The club's next move was to east Eighth Street, and Marjean died in 2006, leaving the club in limbo until it was bought by a partnership fronted by lawyer and sometime bassist Ed Felson. The club struggled along there, with the big band still as an anchor, but the frequency and stature of the national bookings declined. When Felson announced he was planning to move the club to the former Redfish restaurant and club space at Seventh and Race downtown -- and to add food service -- the handwriting was on the wall for anyone who cared to look.

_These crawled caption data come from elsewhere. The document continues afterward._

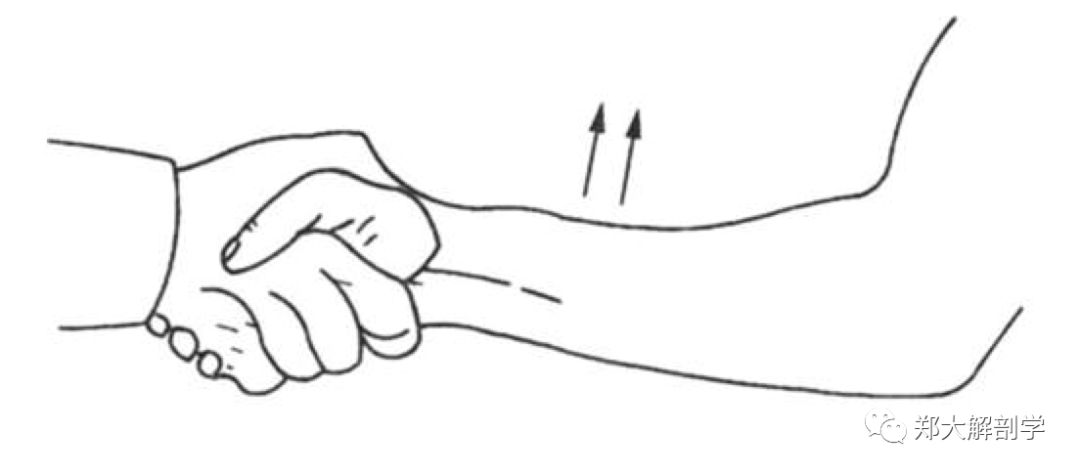 (五)肱二头肌腱膜激发试验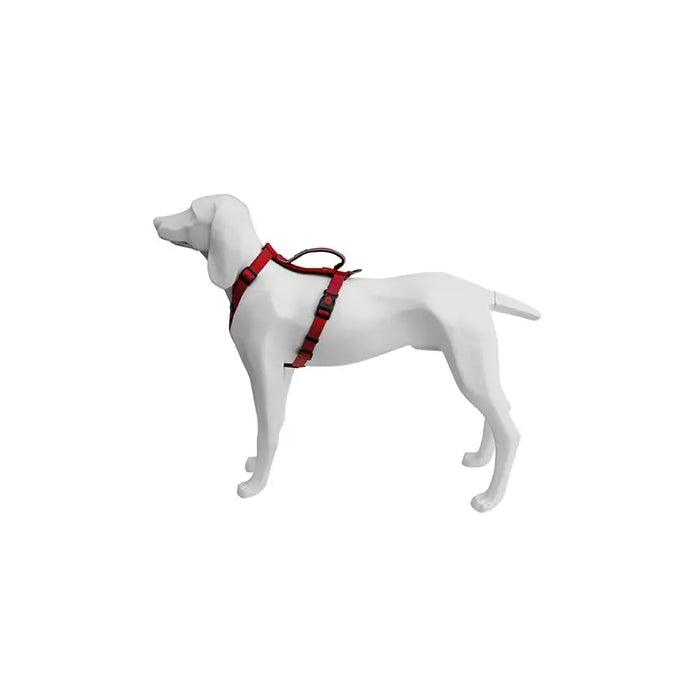 Product image for 16446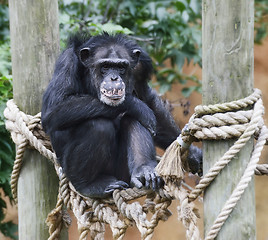 Image showing Chimpanzee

For me, the news of the Wisp's closing was sad, of course, but hardly unexpected. Anyone could have predicted the club's demise as soon as the most recent move and the plans to add food were announced. The interior space was totally inappropriate for an intimate jazz club, parking was problematic, the sound was bad and the owners inexperienced in the highly competitive business of running a restaurant. A lackluster booking policy left too few reasons to patronize the club outside of the big band's weekly gig. The first time I visited the new location, hungry to hear jazz after months of deprivation in Texas, I left so depressed I knew it was the last time I'd be there.
I have uncountable memories from the Wisp's first two locations, and a few from the third spot, but the truth is that the Wisp has been a sad shadow of its former self for some time now. The Blue Wisp was a vital part of my life for many years and one of the main reasons Cincinnati's jazz scene remained as rich as it did for as long as it did. But I found it painful to see the sad shell of the Wisp on figurative artificial life support, kept nominally breathing past its natural lifespan. It seems to me that many of the people who will howl the loudest at the idea that Cincinnati is losing its “iconic” jazz club rarely ever showed up there in recent years to hear actual jazz. It's way past time to let our beloved Blue Wisp die a peaceful death.
So
let's raise a glass to what the Blue Wisp once meant to the city, to jazz
musicians and to jazz lovers -- and then let's move on by vowing to support the
musicians who still struggle to keep jazz alive, against discouraging odds and
for little reward, wherever they may be playing around town. At the moment,Washington
Platform, with its established weekend series of top local players and its
ideal location as a bridge between downtown and Over-the-Rhine, seems the most
likely successor. The Blue Wisp Big Band – like jazz itself -- is the musicians
who play in it, not the club they play in, and I hope they, and the music, will
be able to find another home. Go hear them when they do.